William R. Johnson - 5/22/20
 

William R. Johnson (Photo: Metro Nashville Police Department)

 

NASHVILLE, TN (WSMV) - A grassroots organization in Nashville is calling for an “immediate investigation” into the shooting of a 48-year-old man by the Metro Police Department last month.

William Johnson Jr. shot an off-duty Metro Police Officer Darrell Osment while he was walking his dog near the intersection of Pine Valley and Bull Run roads on May 21.

Johnson fled the scene and fired on officers pursuing him during a "high speed chase" near the intersection of Clarksville Pike and Ed Temple Boulevard, police said.

An officer attempted to deploy spike strips to stop the car near the intersection of Ed Temple and Dr. D.B. Todd boulevards, according to police. Police said reported that Johnson fired more shots at officers.

A spike strip was used on I-440, where Johnson stopped, and police said he exchanged fire with officers. Three Metro officers fired on the suspect and Johnson died at the scene. TBI said there were about 50 shots fired on I-440.

Community Oversight Nashville Now is a grassroots organization that campaigned for Community Oversight Board in Nashville and works for police accountability in the city. They are saying there are "several concerns yet to be addressed." They are now calling on the Community Oversight Board and District Attorney to investigate the shooting.

The concerns by the Community Oversight Now start with Osment being the only eyewitness to the initial shooting.

Their second concern is Osment and Johnson said hello to each other before he fled the scene in his car.

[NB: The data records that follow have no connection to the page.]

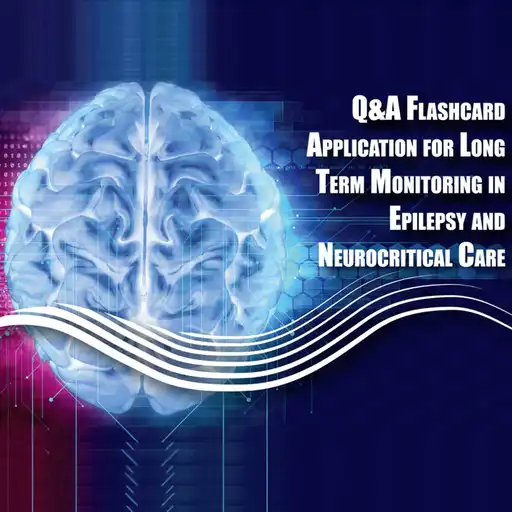 Play Q&A Flashcard App for LTME & Neurocritical Care APK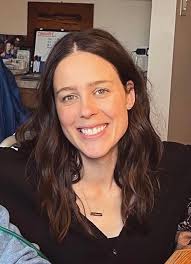 Ensight and Curtis Strong Center team members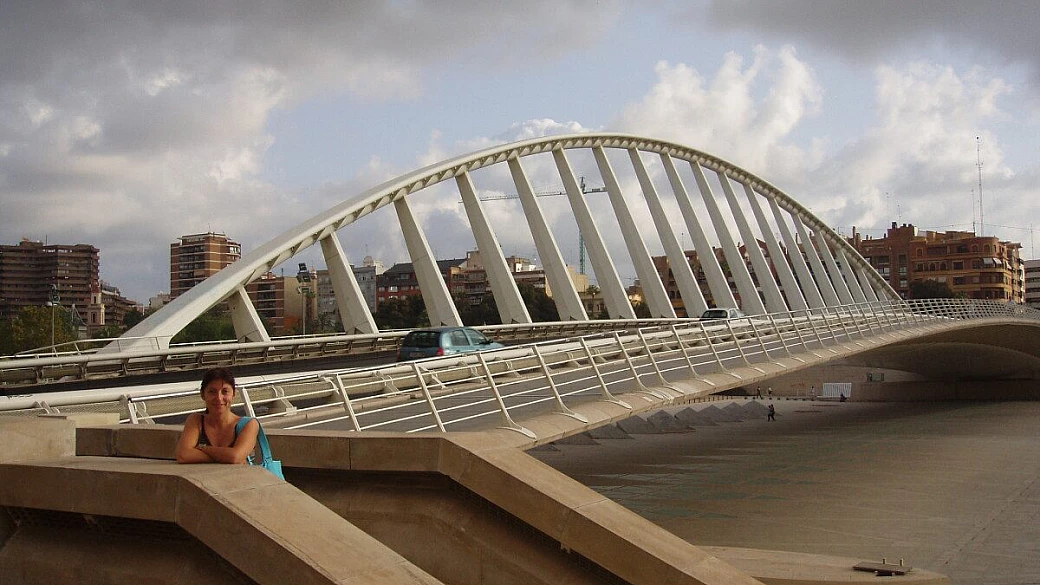 barcellona e valencia: tra cultura e natura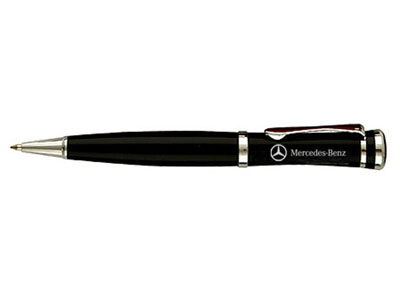 All Mercedes personal lifestyle accessories Brass ballpoint pen AMHW023
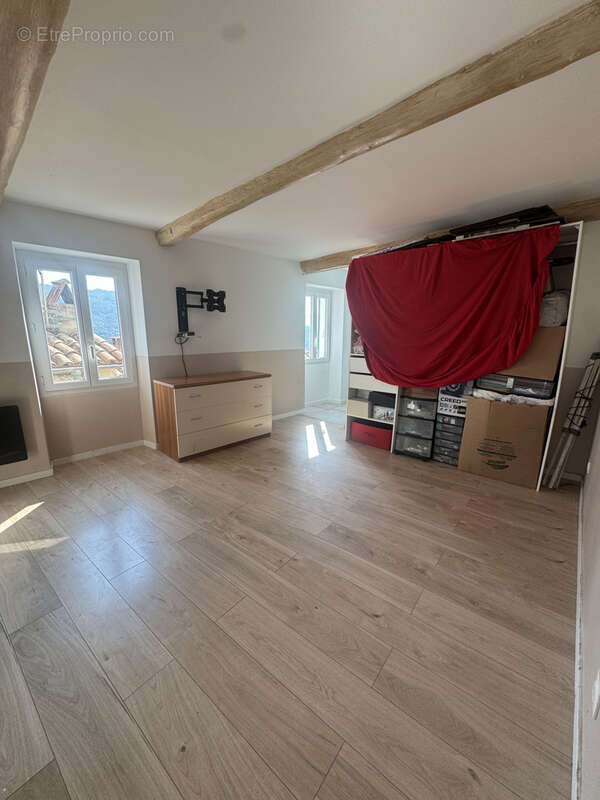 Appartement à BENDEJUN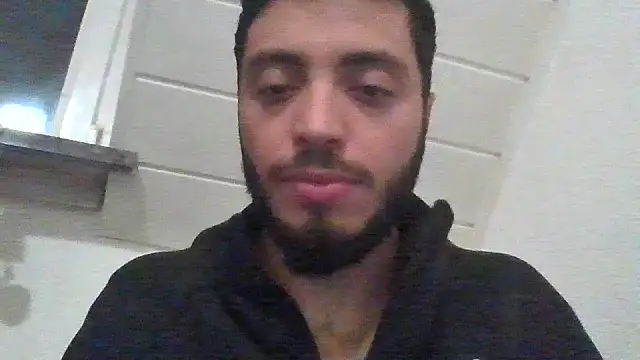 SoftAmjad's live cam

Community Oversight Now said Johnson has a history of sleeping in church parking lots where his car could have been parked.

Third, Community Oversight Now said there is no footage of the incidents between Johnson and the Metro Police Department.

Community Oversight Now said it is unclear if Johnson knew Osment was a police officer since he was not wearing his uniform. Community Oversight Now added it is unclear if Osment after identified himself as a police officer.

It is unclear if Johnson ever left his vehicle and even approached Osment because he has a history of sleeping in church parking lots.

Community Oversight Now said they talked with Johnson family and they said they had concerns with the case.

“We may never know the full story of the extrajudicial killing of Mr. Johnson by the MNPD. But what we do know is that the details of the incident that lead to Johnson’s death are sketchy and rest solely on the account provided by MNPD,” Community Oversight Now said on its social media pages.

Community Oversight Now called for an “immediate investigation” into the shooting.

“At this unprecedented moment in history, Nashville’s public officials must demonstrate their commitment to police accountability,” Community Oversight Now said on its social media pages.